Yani General Dempsey, Suriye’de Esad rejiminin düşmesini bekliyor. Ve bunun ardından Ortadoğu’da kapsamlı bir değişim öngörüyor. Değişimi de Suriye’nin Sünni topluluğa dönmesi başlatacakmış. Yani Esad Suriye’yi Şii tarafta tutuyordu, bundan sonra Suriye Sünni tarafa geçecek.

Generalin söylediği: “(Esad düştükten sonra) bölgenin yüzlerce yıldır görmediği birşey olacak. 1- Ankara’dan başlayıp, Şam ve Kahire’den Irak’a uzanacak bir Sünni kuşak olcak. 2- Tahran’dan başlayıp, Bağdat ve potansiyel olarak iki Körfez ülkesine uzanan Şii-egemen kuşak olacak.”
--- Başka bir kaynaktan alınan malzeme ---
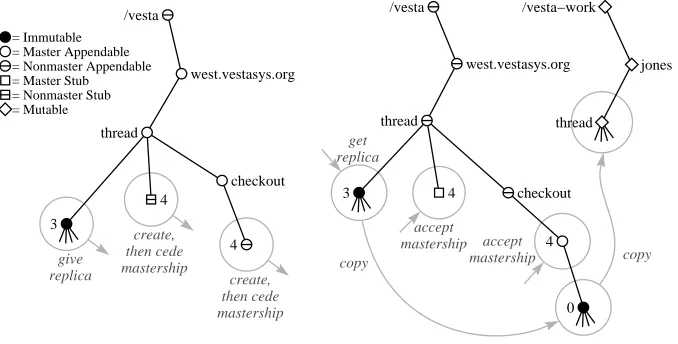 Figure 3: Cross-repository checkout.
ABD Genelkurmay Başkanı bu iki kuşağı çektikten sonra “İşte o zaman dünya - bölge daha istikrarlı mı, daha istikrarsız mı olacak, onu bilemiyorum” diyor. General bu soruya verilecek yanıta bağlı olarak -İran’a belki daha farklı yaklaşmanın- mümkün olacağını söylüyor.
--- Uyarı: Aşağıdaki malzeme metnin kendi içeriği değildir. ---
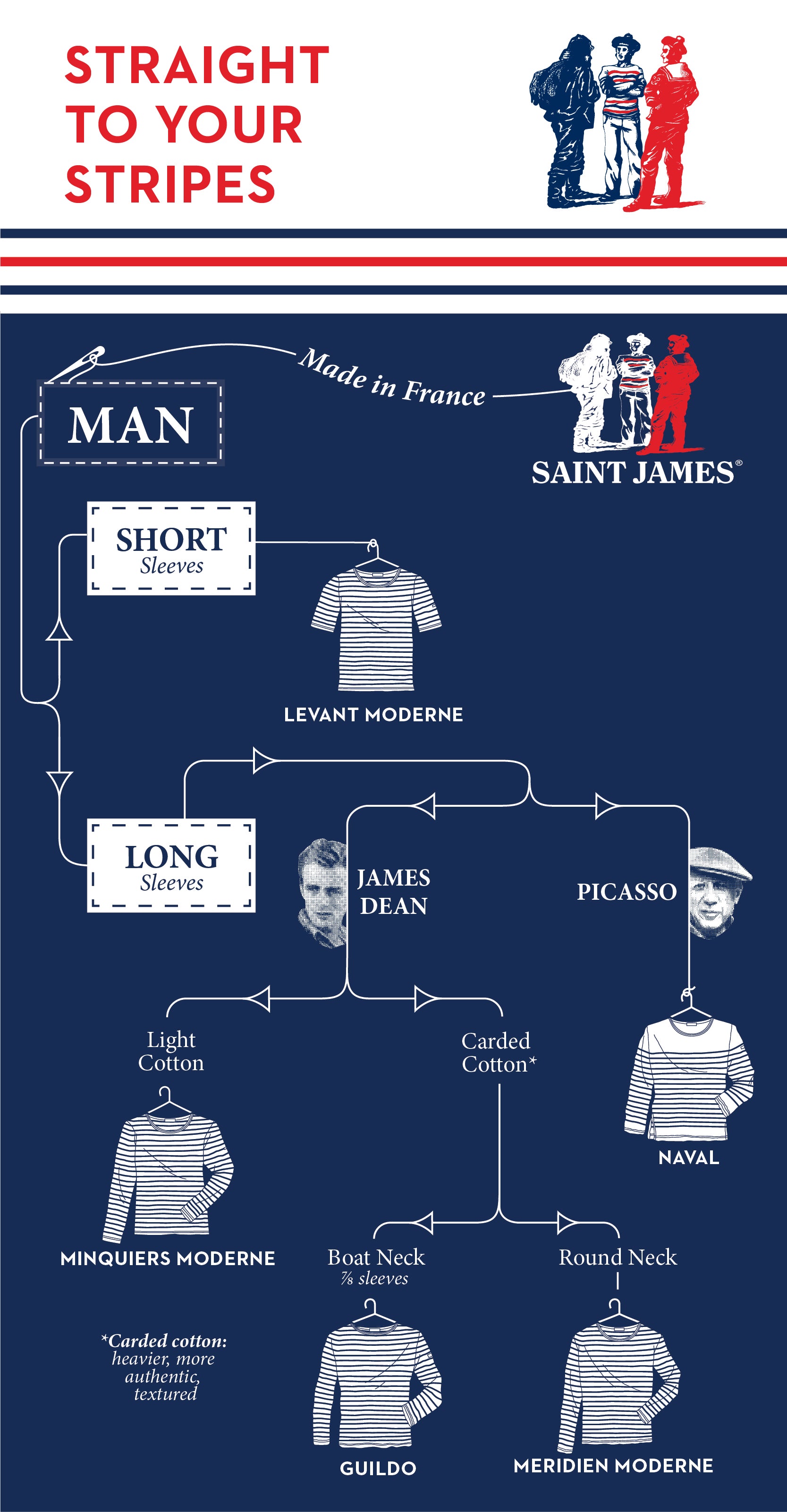 Saint James Guide to Stripes for Men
Değerlendirme çok ilginç: Esad düşünce Suriye -Sünni tarafa geçiyor ve Ankara’dan Riyad’a Sünni eksen oluşuyor. General Irak’ı Şii eksene bırakmış. Ayrıca -birkaç- Körfez ülkesini Şii eksene bırakıyor. Aklımıza ilk gelen Bahreyn. Sonra da acaba Katar’ı mı, yoksa BAE’nin bir-iki emirliğini mi kastetti?
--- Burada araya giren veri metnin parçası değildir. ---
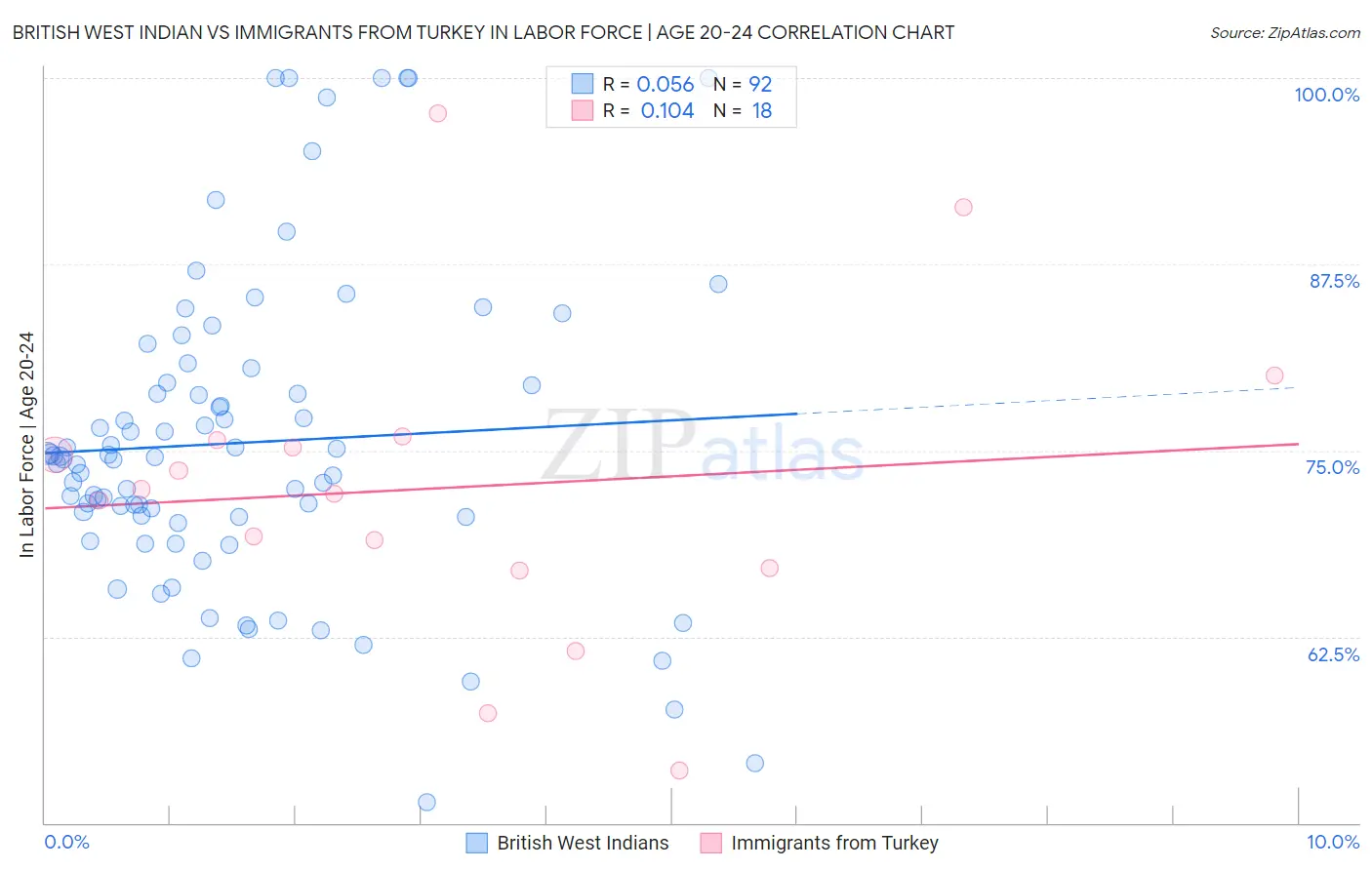 British West Indian vs Immigrants from Turkey In Labor Force | Age 20-24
Şimdi bu iki kuşak gözlemi önemli de, Türkiye’nin Ortadoğu’da tek bir kuşakta- ya da kampta kalmak isteyeceğini sanmıyoruz. Türkiye böyle bir sınıflamayı istemez. Ayrıca Şii tarafa -bırakılan- ülkeler açısından sorun var: Irak’ta Şiiler çoğunlukta olabilir, ama diğerlerini yok sayamazlar. Bahreyn’de ya da başka emirliklerde bir -Şii egemen- yönetim en başta Suudi Arabistan’ı zıplatır. Hatırlayın Bahreyn’e nasıl müdahale ettiler? Ayrıca Lübnan’ı nereden sayacağız? Yani Generalin kuşakları yekpare ve net kesim değil. Ortadoğu’da mezhep kuşağı çekince, Pakistan ve Afganistan’ı da dışlamamak gerekir... Ve bütün bu ülkelerde -Şii ya da Sünni çoğunluk- istikrar sağlamaya yeterli olmaz. İç mücadele sürer. İşte Irak, kilitlendi. Ayrıca bölgede herkes, yanındakinin domino olmasından korkuyor. O giderse, sıra bana gelir- diye. Kuşaklardan öte, galiba Irak ve Suriye’nin toprak bütünlüklerini korumaları asıl marifet olacak... Sonuçta bu yorumumuz, Ortadoğu’da iki ayrı kuşak oluşsa da, bu kuşakların istikrara yetmeyeceğini anlatıyor... General Dempsey hâlâ Türkler’den görüş bekliyor olabilir.